Tegenover de gemotiveerde betwisting door [eiser] heeft [gedaagde] onvoldoende onderbouwd dat zij een bedrag van € 5.000,- heeft betaald in mindering op het met [eiser] overeengekomen werk. Het verplaatsen van de trap en de wc en vergroten van de opening in de draagmuur vielen niet onder de tussen partijen gesloten aannemingsovereenkomst. [gedaagde] heeft niet betwist dat dit werk door [naam] is uitgevoerd, maar heeft ontkend dat zij daartoe opdracht heeft gegeven. In haar conclusie van antwoord heeft zij daarover echter niet geklaagd. Eerst ter zitting heeft zij verklaard dat de trap en de wc zijn verplaatst zonder dat dit was overeengekomen.
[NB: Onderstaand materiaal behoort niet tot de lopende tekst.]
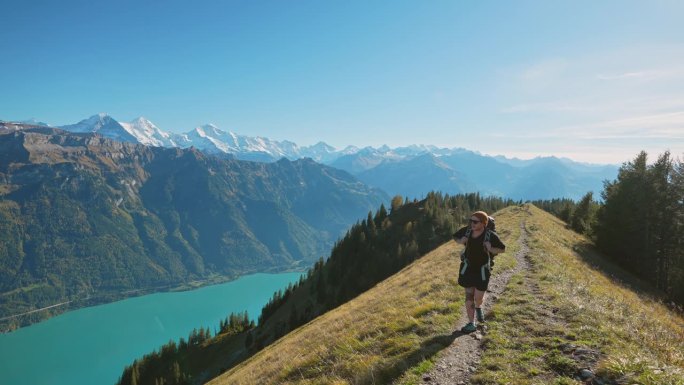 一名男子在瑞士阿尔卑斯山的因特拉肯徒步旅行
Dat [naam] dit werk heeft uitgevoerd zonder dat hij daartoe opdracht had gekregen is echter niet aannemelijk. Dat [gedaagde] die verbouwingen in haar huis zou hebben aanvaard zonder dat zij daartoe een opdracht had gegeven en zonder daarover ooit – tot op het moment van de zitting – te klagen (terwijl zij wel een reeks andere klachten in haar conclusie van antwoord uitte) is ook niet erg aannemelijk. [gedaagde] heeft niet onderbouwd dat het bedrag van € 5.000,- dat zij aan [naam] heeft gegeven was bestemd voor [eiser] . Bovendien zou het betalen van dit bedrag hebben plaatsgevonden in mei 2019, twee maanden vóór oplevering van het met [eiser] overeengekomen werk, waarvoor [gedaagde] geen verklaring heeft gegeven. Geconcludeerd kan worden dat [gedaagde] het bedrag van € 5.000,- niet heeft betaald aan [eiser] en dat zij het volledige bedrag van de slotfactuur van € 6.539,50 nog verschuldigd is. De vordering [gedaagde] te veroordelen tot betaling van de hoofdsom zal dan ook worden toegewezen.
3.7.
De gevorderde rente over de hoofdsom vanaf de datum van dagvaarding zal worden toegewezen.
3.8.
De gevorderde vergoeding van de buitengerechtelijke incassokosten zal worden afgewezen, nu in de aanmaning aan [gedaagde] niet een betalingstermijn van 14 dagen is gegeven ingaande de dag na ontvangst daarvan, zoals vereist door artikel 6:96 lid 6 van het Burgerlijk Wetboek. In dit verband wordt verwezen naar de uitspraak van de Hoge Raad van 25 november 2016, ECLI:NL:HR:2016:2704.
3.9.
[gedaagde] zal als de grotendeels in het ongelijk gestelde partij worden veroordeeld in de proceskosten. De kosten aan de zijde van [eiser] worden tot op heden begroot op: € 240,00 aan griffierecht + € 89,44 aan dagvaardingskosten + € 622,00 (2 punten x tarief € 311,00) aan salaris gemachtigde = € 951,44.
3.10.
De nakosten worden begroot en toegewezen als na te melden.

4.BESLISSING

De kantonrechter:
4.1.
veroordeelt [gedaagde] om aan [eiser] te betalen een bedrag van € 6.539,50 (zesduizend vijfhonderdnegenendertig euro en vijftig cent), te vermeerderen met de wettelijke rente als bedoeld in artikel 6:119 BW over het toegewezen bedrag vanaf de dag der dagvaarding (25 januari 2021) tot de dag van volledige betaling,
4.2.
veroordeelt [gedaagde] in de proceskosten, aan de zijde van [eiser] tot op heden begroot op € 951,44 inclusief eventueel verschuldigde btw, en,
4.3.
veroordeelt [gedaagde] in de na dit vonnis ontstane kosten, begroot op € 124,- aan salaris gemachtigde, te vermeerderen, onder de voorwaarde dat [gedaagde] niet binnen veertien dagen na aanschrijving aan het vonnis heeft voldaan en er vervolgens betekening van de uitspraak heeft plaatsgevonden, met een bedrag van € 68,- aan salaris gemachtigde en de explootkosten van betekening van de uitspraak,
4.4.
verklaart dit vonnis uitvoerbaar bij voorraad,
4.5.
wijst het meer of anders gevorderde af.
Aldus gewezen door mr. T.H. van Voorst Vader, kantonrechter, bijgestaan door mr. J.M. Eisenhardt, griffier, en uitgesproken ter openbare terechtzitting van 24 september 2021.